Beeindruckt ist Moniz, der gestern trotz des Gewinns des österreichischen Doubles überraschend als Trainer von Red Bull Salzburg zurücktrat, von Sami Khedira. Er interpretiere seine Rolle als "Sechser" vor der Abwehr sehr viel offensiver als bei den Niederländern de Jong: "Auf Wesley Sneijder wartet eine ganz schwierige Aufgabe. Er muss es schaffen, sich von Khedira zu befreien, sonst hat Holland keine Chance." Der Madrilene hätte sich nach der guten WM 2010 bei Real noch mal weiterentwickelt, würde weite Wege gehen und baue das Spiel als "Verbindungsspieler" zwischen Abwehr und Angriff von hinten auf. "Gegen Khedira muss Sneijder sein wahres Gesicht zeigen. Er muss sich lösen und in eine gute Schussposition kommen", sagt Moniz, der daran erinnert, dass die Niederländer zwar 27-mal (EM-Rekord) gegen Dänemark auf das Tor schossen, oft aber aus schlechten Positionen.

Gar nicht erst in eine aussichtsreiche Position dürfe auf Deutschlands Seite Özil kommen, der es mit de Jong zu tun bekommen wird.
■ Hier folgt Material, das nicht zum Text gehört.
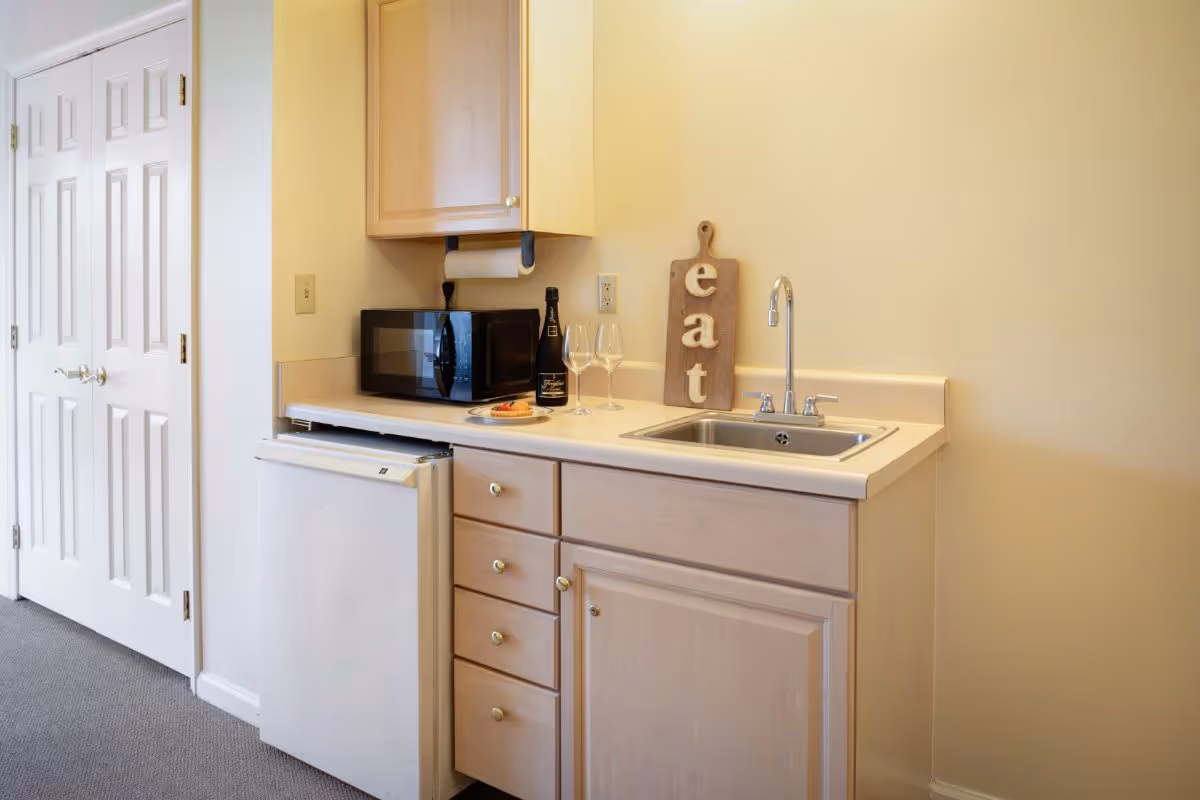 Small kitchenette area with light wood cabinets, a white mini refrigerator, a microwave, a sink with a faucet, and a wooden cutting board with the word 'eat' on it. There are two empty wine glasses and a bottle on the counter along with a small plate of food. A white door is visible to the left.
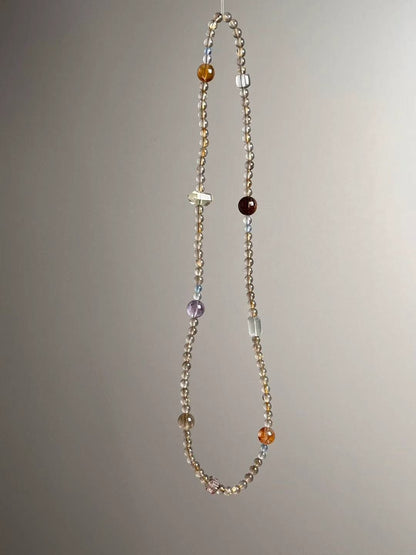 Side angle — Yellow Citrine double-terminated point and Amethyst round accent visible.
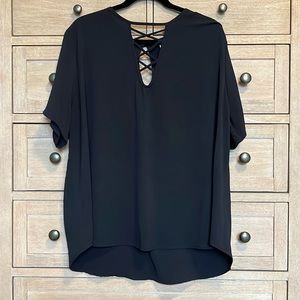 Black top with cutout detail and small keyhole back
Die Aufgaben in diesem Duell sind klar definiert: Der Deutschtürke soll das Karussell der Kurzpässe in Gang bringen, der Niederländer will dies verhindern "Anders als bei Khedira und Sneijder ist der Zweikampf zwischen Özil und de Jong ein klassisches Duell eines Zerstörers gegen einen Spielmacher", sagt Moniz, der de Jong als hartnäckigen "Pitbull" beschreibt. Offensiv sei der ehemalige Hamburger limitiert, defensiv gebe es aber kaum einen Besseren als ihn. Wenn Özil sich nicht befreie, hätten die Niederländer gute Siegchancen.

Keine spielentscheidende Rolle erwartet Moniz dagegen von Hollands so gefürchteten Außenstürmern Arjen Robben und Ibrahim Afellay: "Natürlich haben Robben und Afellay die Qualitäten eines Weltklassespielers, aber sie treffen viel zu häufig die falschen Entscheidungen."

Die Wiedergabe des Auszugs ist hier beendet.